What you have to do:
Retype, without changes or pictures, only the lines that begin at the one containing "택 포함 새상품 ADORE 어도어 블랙 롱 스커트" and end at the last line of the records that follow.

Items from a data source:
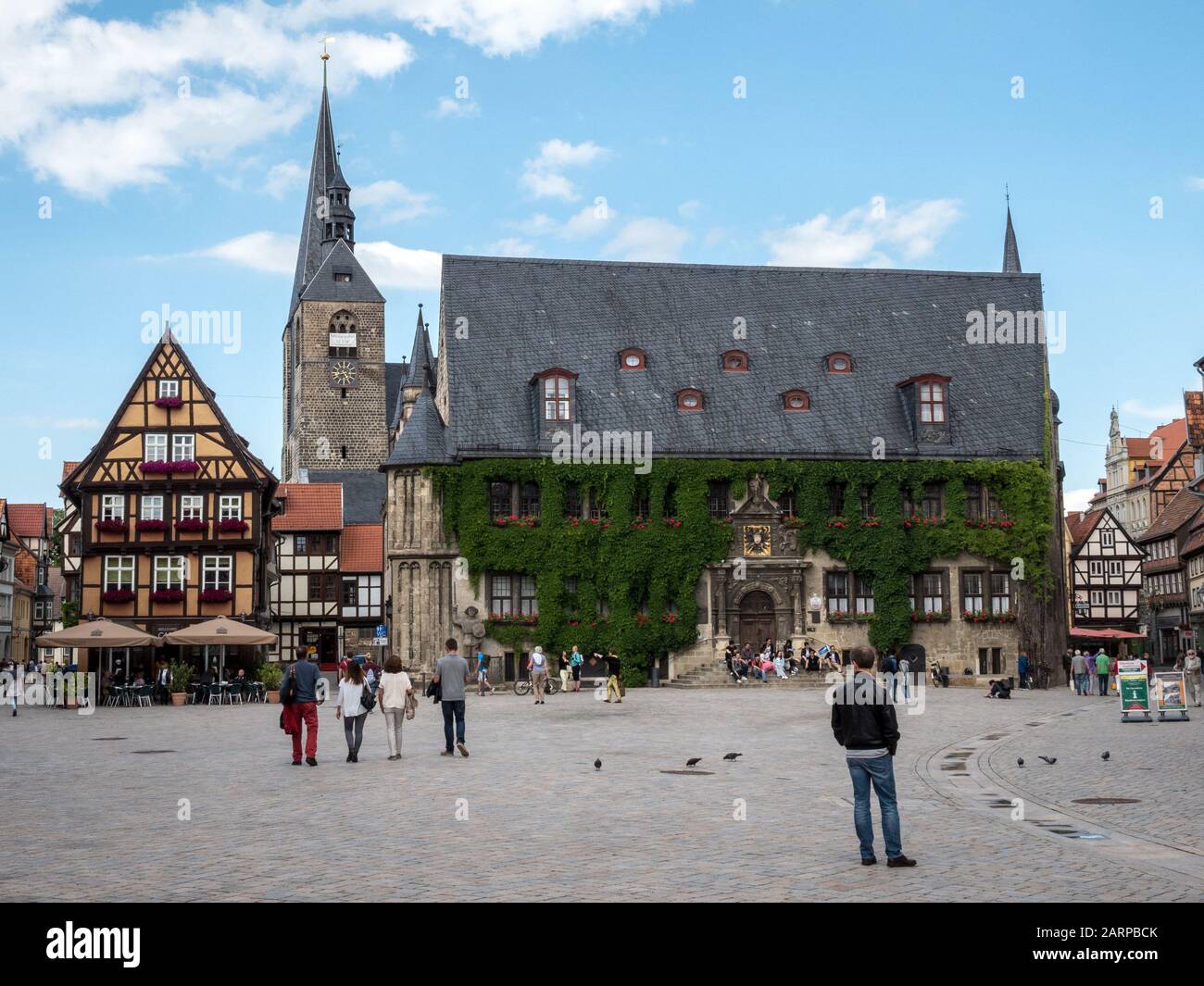 Quedlinburg Market Square And Its Imposing Town Hall Rathaus In The quedlinburg-market-square-and-its-imposing-town-hall-rathaus-in-the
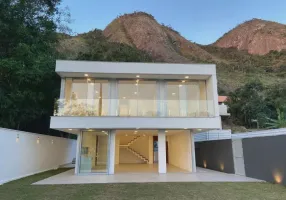 Foto 1 de Casa com 3 Quartos à venda, 180m² em Itacoatiara, Niterói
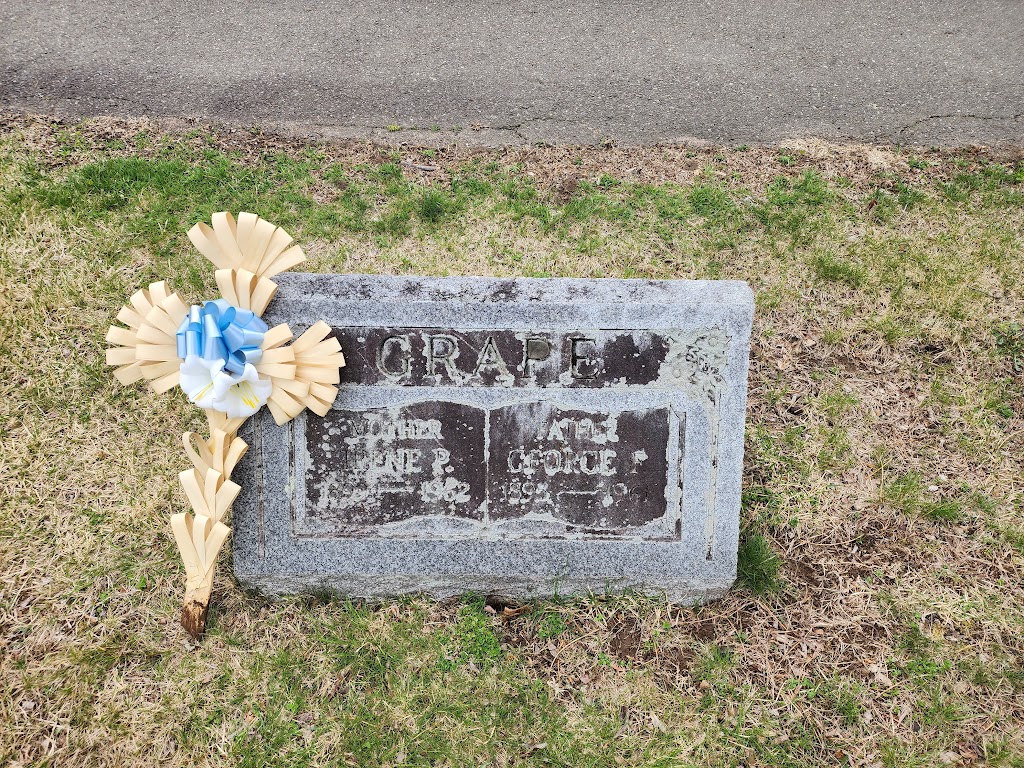 Wyckoff Reformed Church Cemetery | 580 Wyckoff Ave, Wyckoff, NJ 07481 | Phone: (201) 847-1889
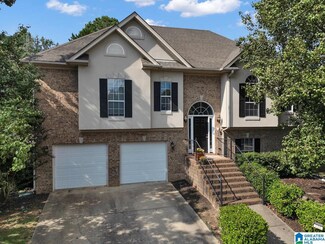 135 Cahaba Club Dr, Helena, AL 35080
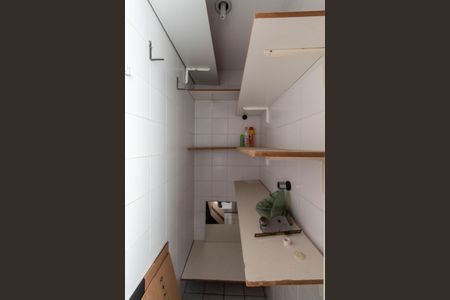 Apartamento à venda com 72m², 3 quartos e 2 vagas Apartamento à venda com 72m², 3 quartos e 2 vagasBanheiro da Serviço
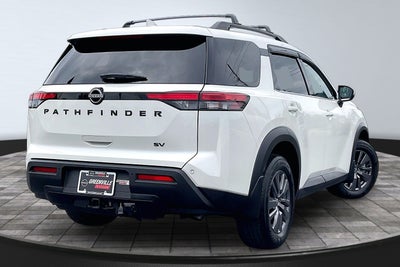 2022 Nissan Pathfinder SV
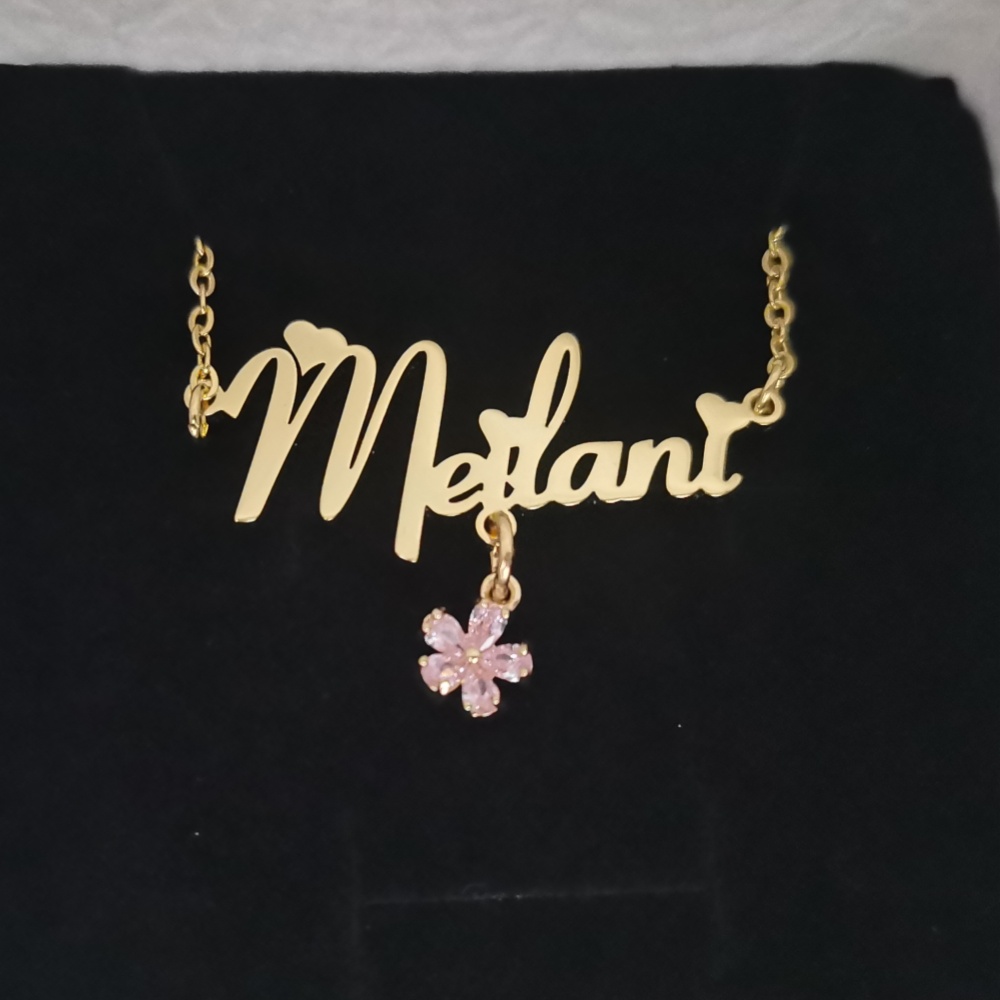 LeeChee Flower Zircon Small Pe - Engraved Name Necklace 评论和价格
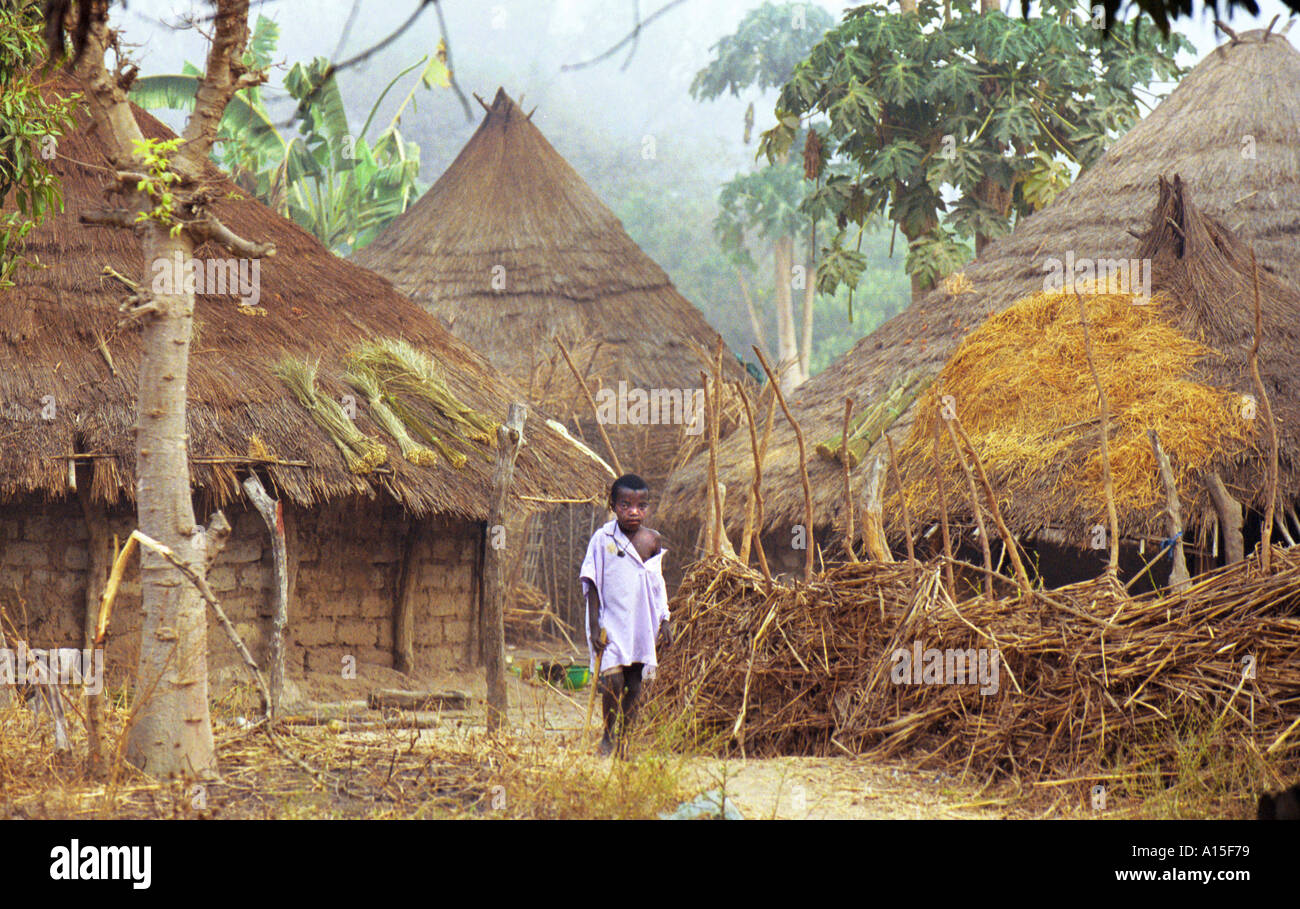 Gli abitanti di un villaggio da Fulani villaggio di Dembel Jumpora situato nella regione orientale del paese africano e Dell'ovest della Guinea Foto Stock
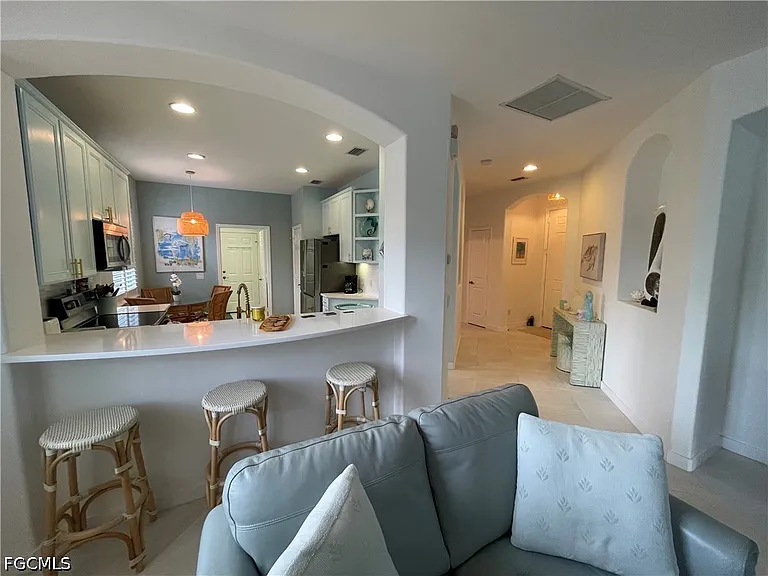 10640 Camarelle Cir — Photo 7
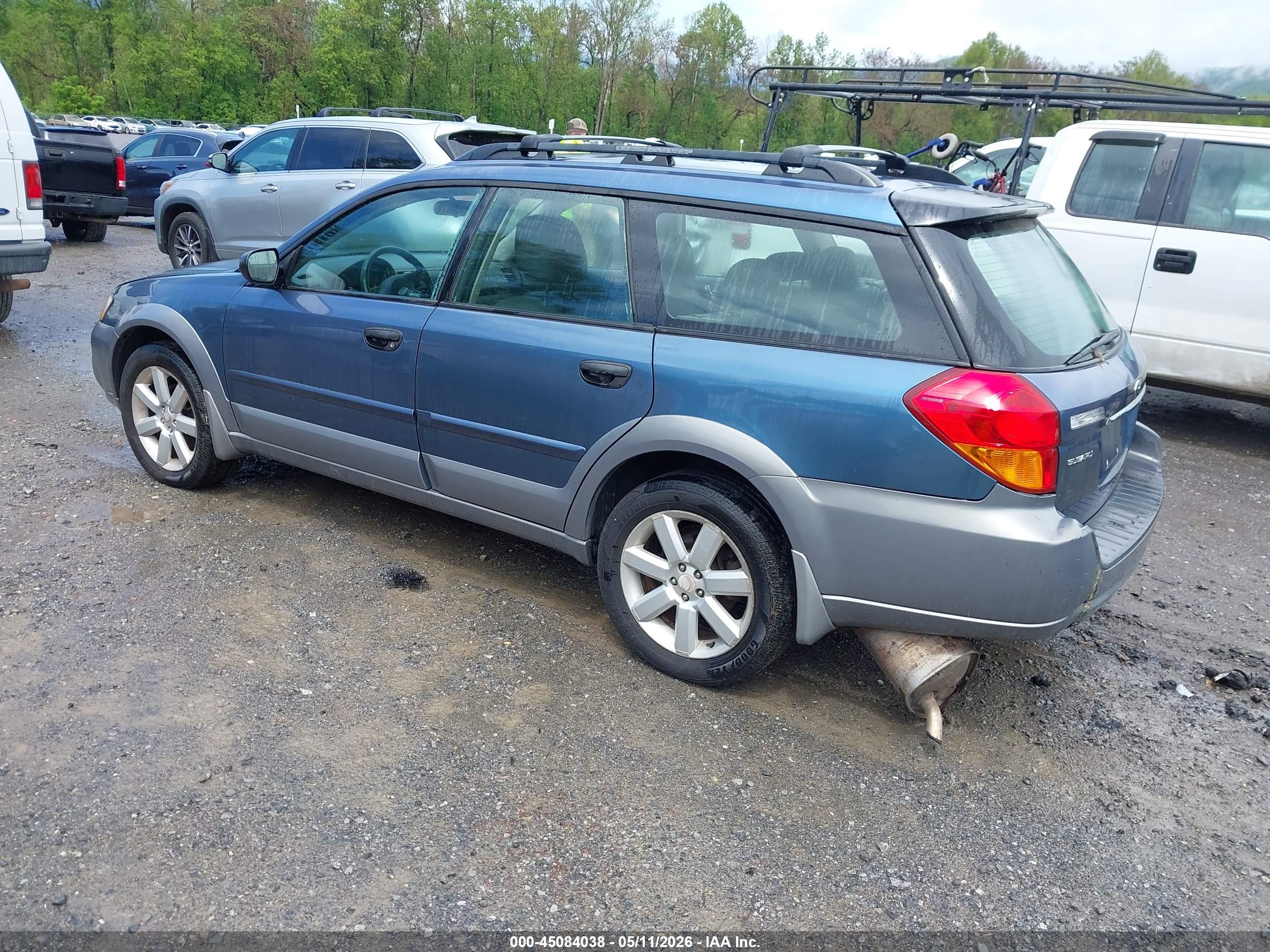 SUBARU OUTBACK image 3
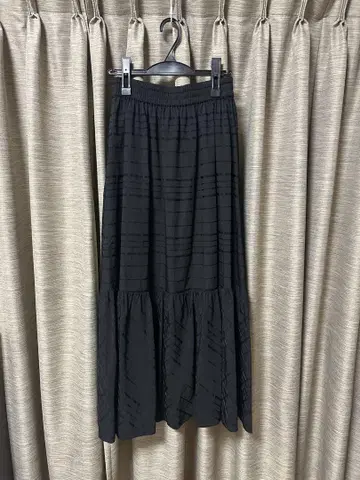 택 포함 새상품 ADORE 어도어 블랙 롱 스커트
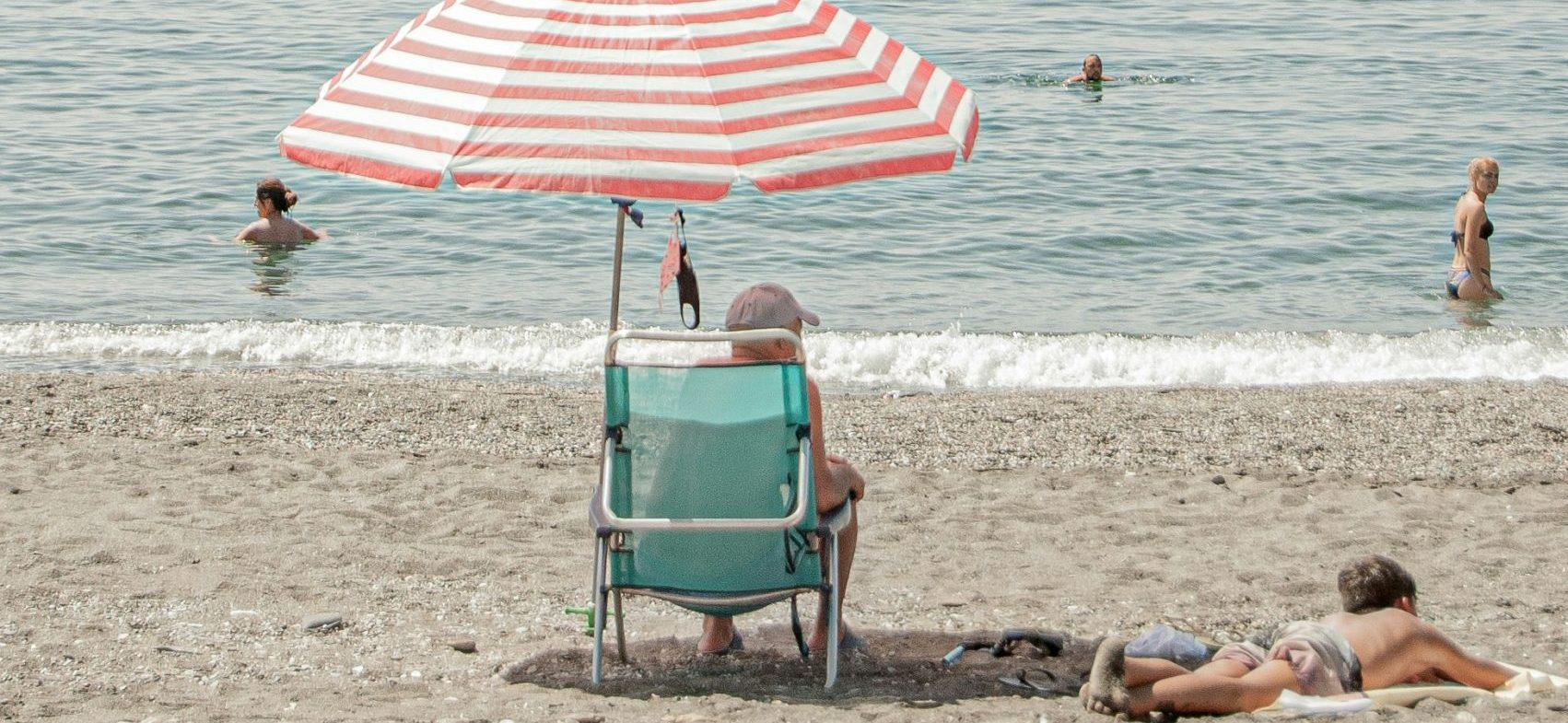 Do TikTok para o areal. 3 cadeiras de praia que estão a ficar virais e que vai querer usar este verão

The answer:
 택 포함 새상품 ADORE 어도어 블랙 롱 스커트
 Do TikTok para o areal. 3 cadeiras de praia que estão a ficar virais e que vai querer usar este verão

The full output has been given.